VMware Cloud Community
DanielJWoodhous
Contributor
Contributor

Missing VMFS Volume

Hi everybody,

One of my clients has recently had a few issues with a HP MSA2012i where one of the disks died in the array (RAID 6, so wasn't an issue) and was replaced with a new one. The array started to rebuild the disk as it should. However, due to some unknown issue, it decided to take the array offline. The client brought the array back up and all was well, both from a usability and rebuild point of view.

After rebuilding the disk, one of the volumes disappeared from the VMware ESX servers (two ESX servers running 3.5 Update 2). The volume (LUN 1), which was called DRSANSATA1, exists on the same physical RAID set as another LUN (LUN 0), called DRSANSATA0.

From the VMware console (and CLI), DRSANSATA0 can be seen and used as normal. DRSANSATA1 is missing.

There are now no issues with the SAN RAID set.
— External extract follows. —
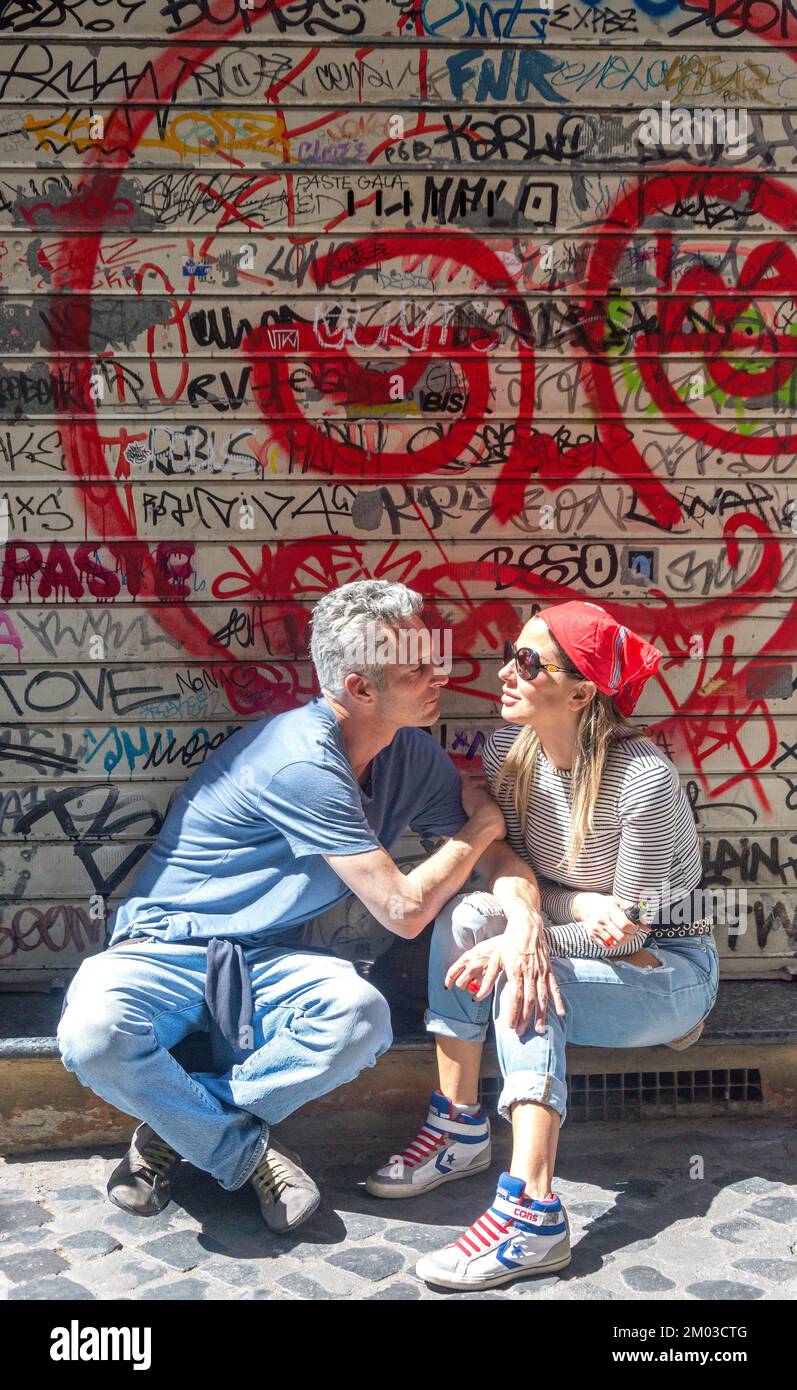 Loving couple in street, Largo dei Librari, Central Rome, Rome (Roma), Lazio Region, Italy Stock Photo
Host Mapping on the SAN is correct.

Within Storage Adapters, LUN 1 can be seen and all the paths are correct. Performing a Rescan does nothing.

Within Storage, if you select 'Add Storage', you can see LUN 1 and from the 'Current Disk Layout' it even remarks that it is 'VMFS' formatted. Again, performing a Refresh does nothing

Any ideas on how to re-associate this volume with ESX without blowing it away?

Many thanks in advance,

Daniel

0 Kudos
19 Replies
Lightbulb
Virtuoso
Virtuoso

Not really familiar with the MSA2000 series. You may want to check this out though

http://h20000.www2.hp.com/bizsupport/TechSupport/Document.jsp?lang=en&cc=us&taskId=110&prodSeriesId=...

0 Kudos
mcowger
Immortal
Immortal

is it possible it got a new SCSI VPID and is therefore beeing seen as a snapshot?






--Matt

--Matt VCDX #52 blog.cowger.us
0 Kudos
Lightbulb
Virtuoso
Virtuoso

For the LUN ID to change wouldn't there need to be a controller type mismatch or something similar (Not really a super storage guy)? This is a new piece of hardware so maybe there is an issue that HP is not aware of or has not fessed up to.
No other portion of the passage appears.